Le système électronique le plus perfectionné ne remplacera jamais la part irréductible d’humanité du métier de rédactrice et rédacteur des débats. Retranscrire les débats, ce n’est pas reproduire ce qui est dit mais exprimer les nuances d’échanges parfois passionnés. Si les spectateurs sont pris par l’émotion, les collaboratrices et collaborateurs du Bulletin officiel ont le devoir d’introduire la rationalité, la réflexion et la continuité dans les débats. Intermédiaires précieux, ils sont des vecteurs d’humanité. Car le Bulletin officiel redonne, en plus de leur contenu, le caractère fugitif des propos, l’atmosphère et le contexte où ils ont été prononcés.

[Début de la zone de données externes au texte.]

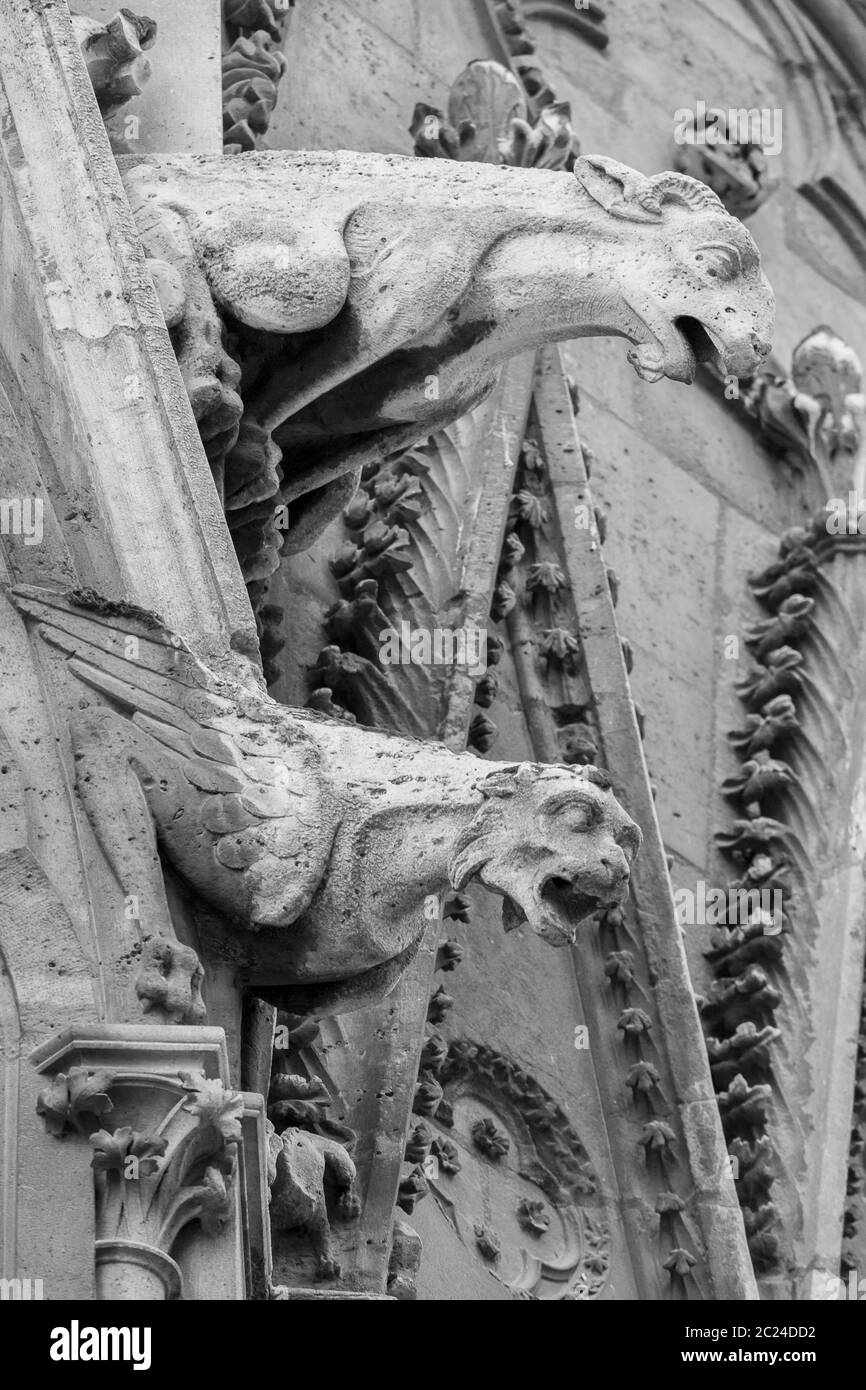 Gargoyles of Notre Dame cathedral in Paris Stock Photo Alamy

Chancelier d'Angleterre et ami du roi Edouard III, Richard de Bury relevait au XIVe siècle déjà l’importance de l’écriture: «La vérité émise par la voix ne périt-elle pas avec le son (…) ? Au contraire, la vérité qui brille dans les livres est saisie facilement par un sens droit ; elle se manifeste par la vue, quand on lit ; par l'ouïe, quand on l'entend dire, et d'une certaine façon par le toucher, quand on la transcrit, la recueille, la corrige et la conserve. (…) La vérité écrite (…) se présente (…) à notre aspect sans intervalles, d'une manière permanente, et passant par la route spirituelle des yeux, vestibules du sens commun et atrium de l'imagination, elle pénètre dans le palais de l'intelligence, où elle s'accouple avec la mémoire, pour engendrer l'éternelle vérité de la pensée»1.

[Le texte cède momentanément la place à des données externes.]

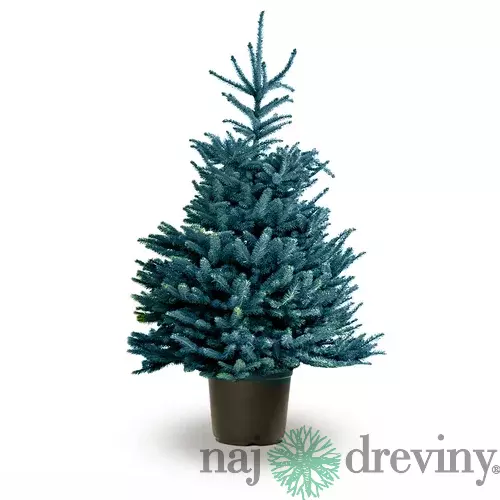 Smrek strieborný, výška 30/40 cm, v črepníku 2l Picea pungens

Les rédactrices et rédacteurs du Bulletin officiel relayent également les petites histoires qui fleurissent, çà et là, au Parlement. Tout le monde se rappelle le fou rire contagieux de Hans-Rudolf Merz répondant au conseiller national vaudois Jean-Pierre Grin sur la hausse des importations de viande assaisonnée. Les images de son hilarité ont fait le tour du monde. Peu de temps auparavant, la conseillère fédérale Doris Leuthard s’était laissé aller à un moment d’humour potache à propos du coût de l’examen des performances physiques ... des chevaux.

Nombreux sont ceux qui se souviennent aussi du député au Conseil des Etats d’Appenzell Rhodes-Intérieures qui disserta, en marge de l’examen d’un rapport de la Commission de gestion, sur les dangers que présentait Mirabeau pour la jeunesse. Son éducation catholique semblait avoir laissé des traces.

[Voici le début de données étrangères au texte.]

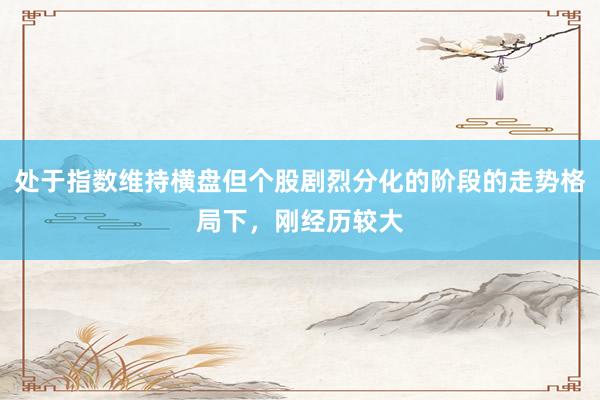处于指数维持横盘但个股剧烈分化的阶段的走势格局下，刚经历较大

Je revois aussi ce parlementaire tessinois qui jugea bon de faire son entrée au Conseil national un gourdin à la main. Son irruption entraîna le dépôt d’une motion d’ordre visant à interdire la salle aux porteurs de bâtons et aux objets contendants. La motion fut acceptée par 44 voix contre 7 et 11 abstentions. Sachons gré à ce député d’avoir permis de préciser ce point de l’étiquette parlementaire, à défaut peut-être d’avoir fait progresser le débat.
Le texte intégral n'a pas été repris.